● **Data under study**
===============

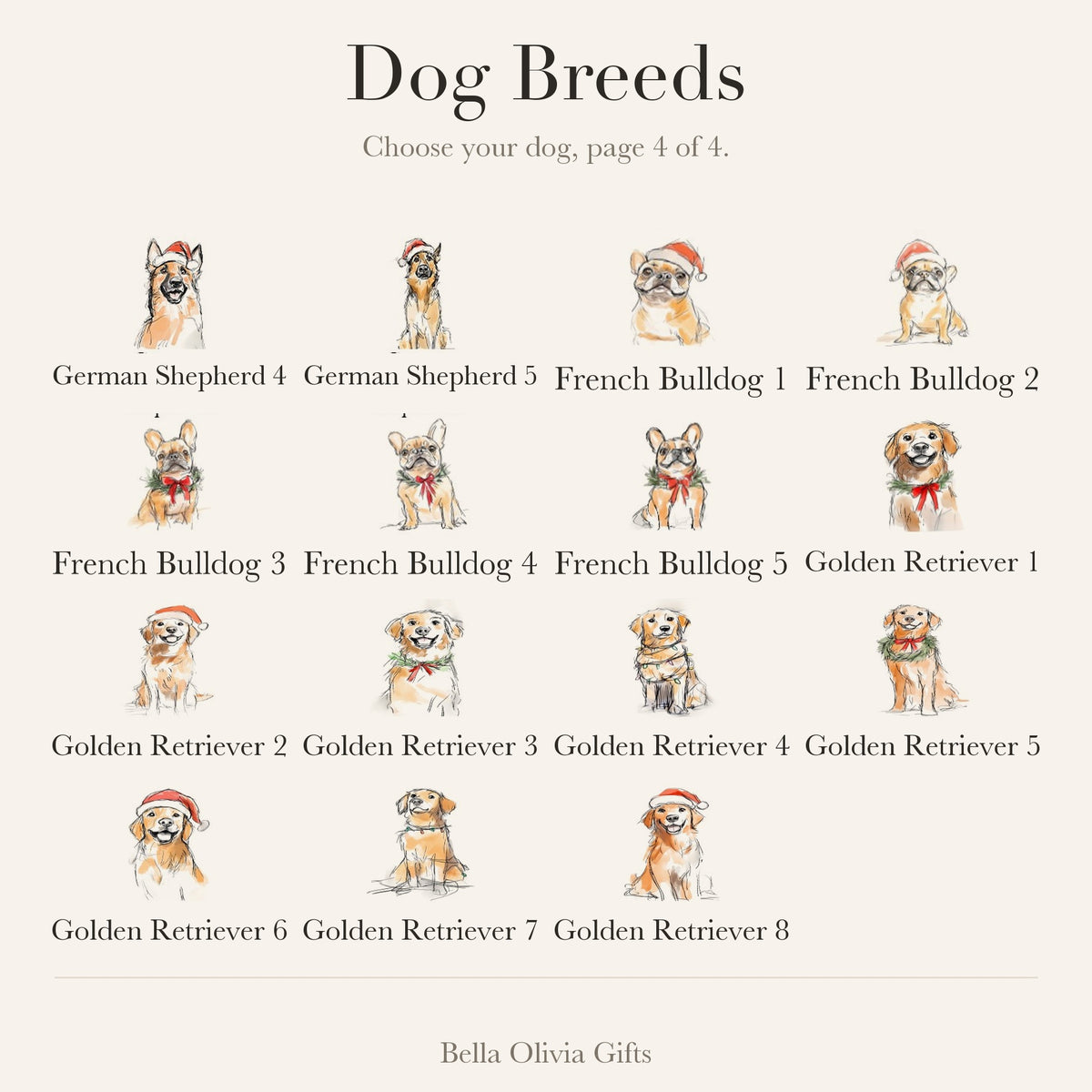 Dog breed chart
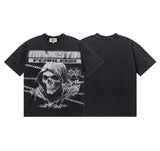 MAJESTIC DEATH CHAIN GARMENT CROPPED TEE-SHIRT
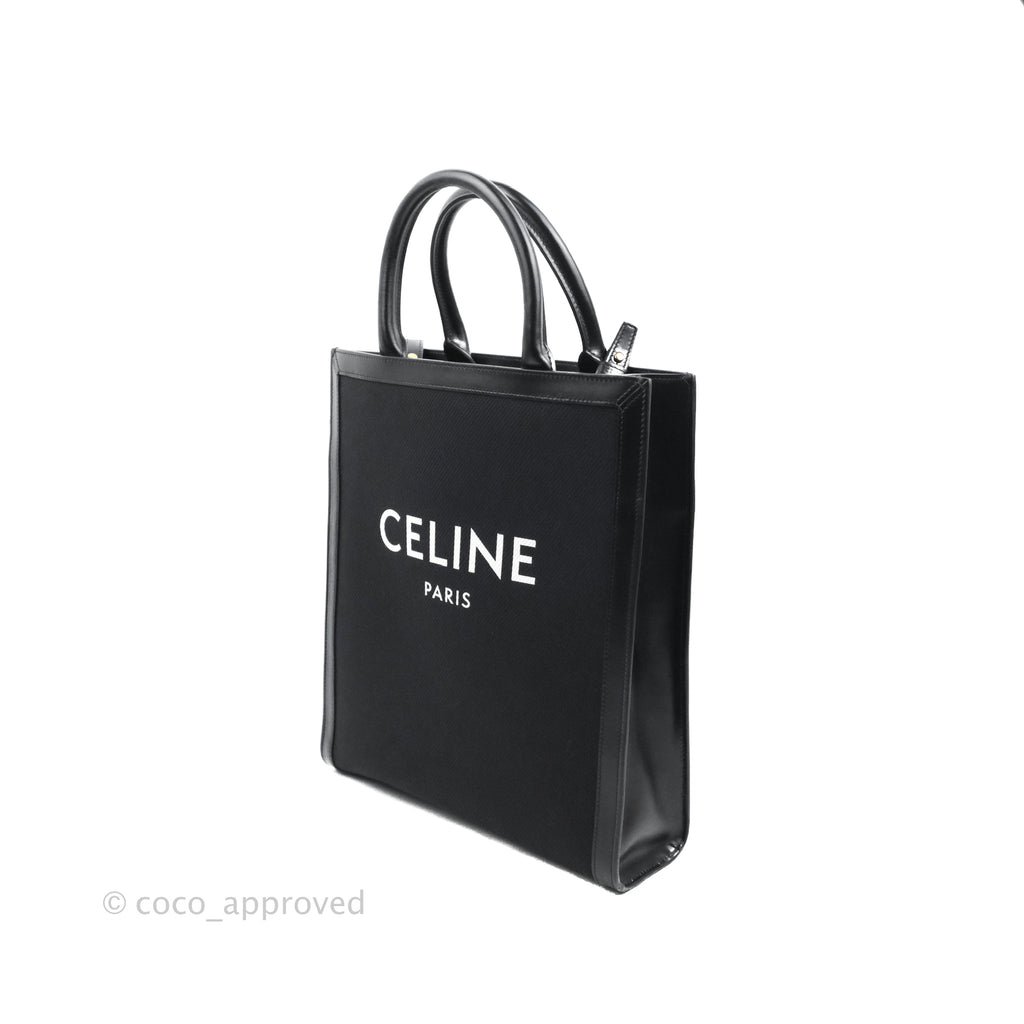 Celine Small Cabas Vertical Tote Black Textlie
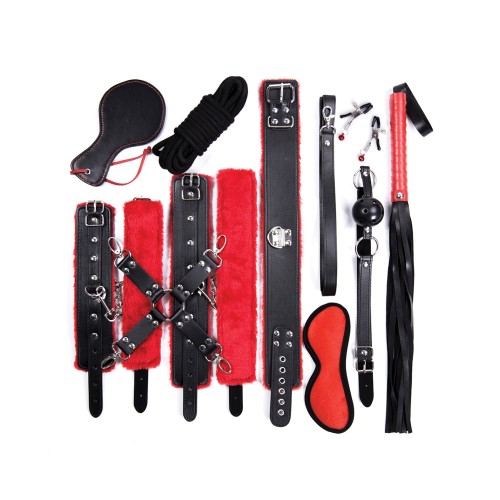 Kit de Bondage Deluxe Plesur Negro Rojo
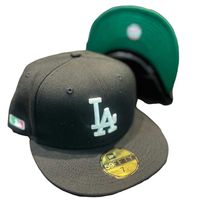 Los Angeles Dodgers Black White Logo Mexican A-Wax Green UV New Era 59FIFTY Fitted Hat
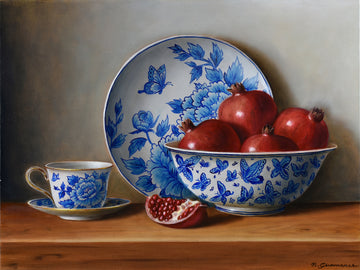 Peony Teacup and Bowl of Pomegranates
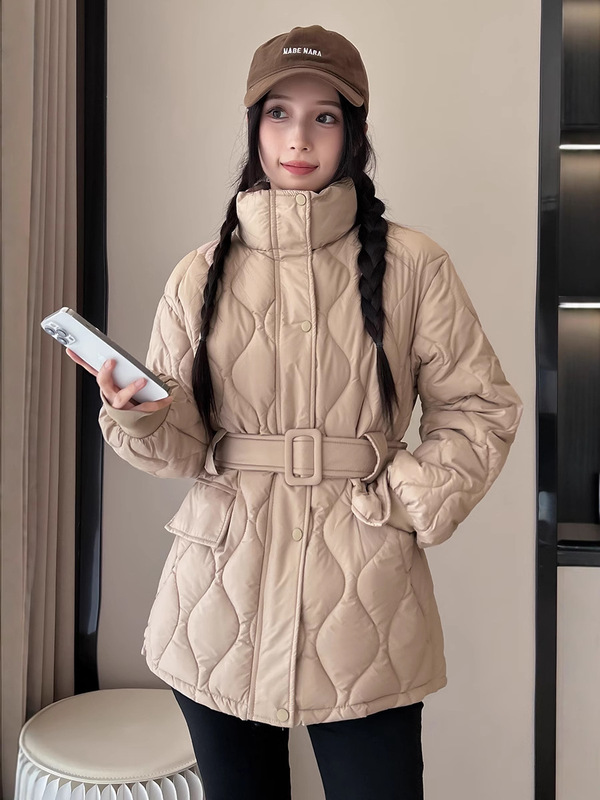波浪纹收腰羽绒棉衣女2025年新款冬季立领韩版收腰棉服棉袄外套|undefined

===============

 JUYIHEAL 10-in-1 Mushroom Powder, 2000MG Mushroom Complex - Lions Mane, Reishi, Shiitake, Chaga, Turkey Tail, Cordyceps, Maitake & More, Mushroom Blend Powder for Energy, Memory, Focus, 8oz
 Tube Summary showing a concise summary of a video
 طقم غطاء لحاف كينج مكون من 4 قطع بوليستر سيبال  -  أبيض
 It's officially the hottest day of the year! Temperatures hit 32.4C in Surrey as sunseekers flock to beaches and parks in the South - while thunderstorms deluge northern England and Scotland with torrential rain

===============

● **Activity**
The material above holds pictures; leave them out and set down exactly the lines from the line with "Dog breed chart" to the line with "波浪纹收腰羽绒棉衣女2025", both included.

● **Answer section**
 Dog breed chart
 MAJESTIC DEATH CHAIN GARMENT CROPPED TEE-SHIRT
 Celine Small Cabas Vertical Tote Black Textlie
 Kit de Bondage Deluxe Plesur Negro Rojo
 Los Angeles Dodgers Black White Logo Mexican A-Wax Green UV New Era 59FIFTY Fitted Hat
 Peony Teacup and Bowl of Pomegranates
波浪纹收腰羽绒棉衣女2025年新款冬季立领韩版收腰棉服棉袄外套|undefined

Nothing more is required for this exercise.